The group that we are considering here is the group that acts on a set of 26 items by rearranging (permuting) them. This group has a name, it is the symmetric group of degree 26 or S₂₆ for short. Likewise for any alphabet with n letters, the group of monoalphabetic substitution ciphers on that alphabet correspond to the group S_n. Now the question is, do all of these 26! ciphers have corresponding permutation polynomials (PPs)? What properties do these polynomials have?

With 26! being such a humongous number, it’s helpful to consider simpler cases first. We’ll start with a one letter alphabet and proceed from there.

Number of Letters	Total Permutations	Permutation Polynomials
1	1	x
2	2	x x + 1
3	6	x x + 1 x + 2 2x 2x + 1 2x + 2
4	24	x x + 1 x + 2 x + 3 3x 3x + 1 3x + 2 3x + 3

For small alphabets like this, we can find all the PPs with brute force, by just checking every possibility with a computer. This strategy quickly becomes unfeasible, however, due to exponential complexity.

Notice that the number of PPs is the same as the number of group elements for alphabets with 1, 2, or 3 letters.

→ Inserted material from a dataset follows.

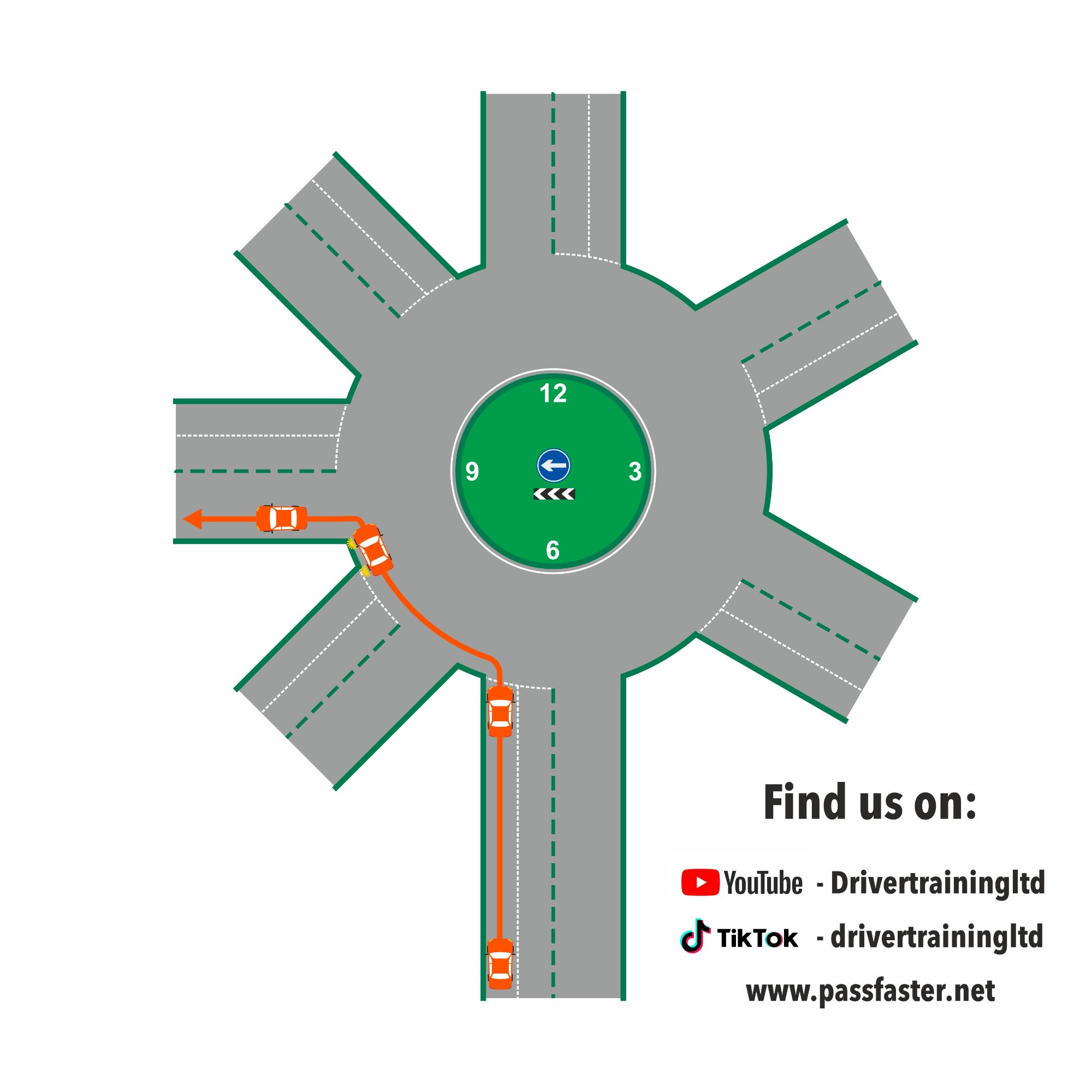 If you want the second exit, then you approach in the left hand lane, wait until you have passed the first exit. Can you check your centre and left mirror signal left and come off at the second exit.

For an alphabet consisting of 4 letters, there are 4! = 24 ciphers total and only 8 PPs. This informs us that there exist monoalphabetic substitution ciphers that cannot be represented as polynomials, and furthermore the existence of such ciphers depends on the size of the alphabet. As it turns out, the significance of the number 4 is that it is the first composite (non-prime) number.

Proposition. Let A be a set of symbols. All monoalphabetic substitution ciphers over A can be represented by permutation polynomials if and only if A has a prime number of elements.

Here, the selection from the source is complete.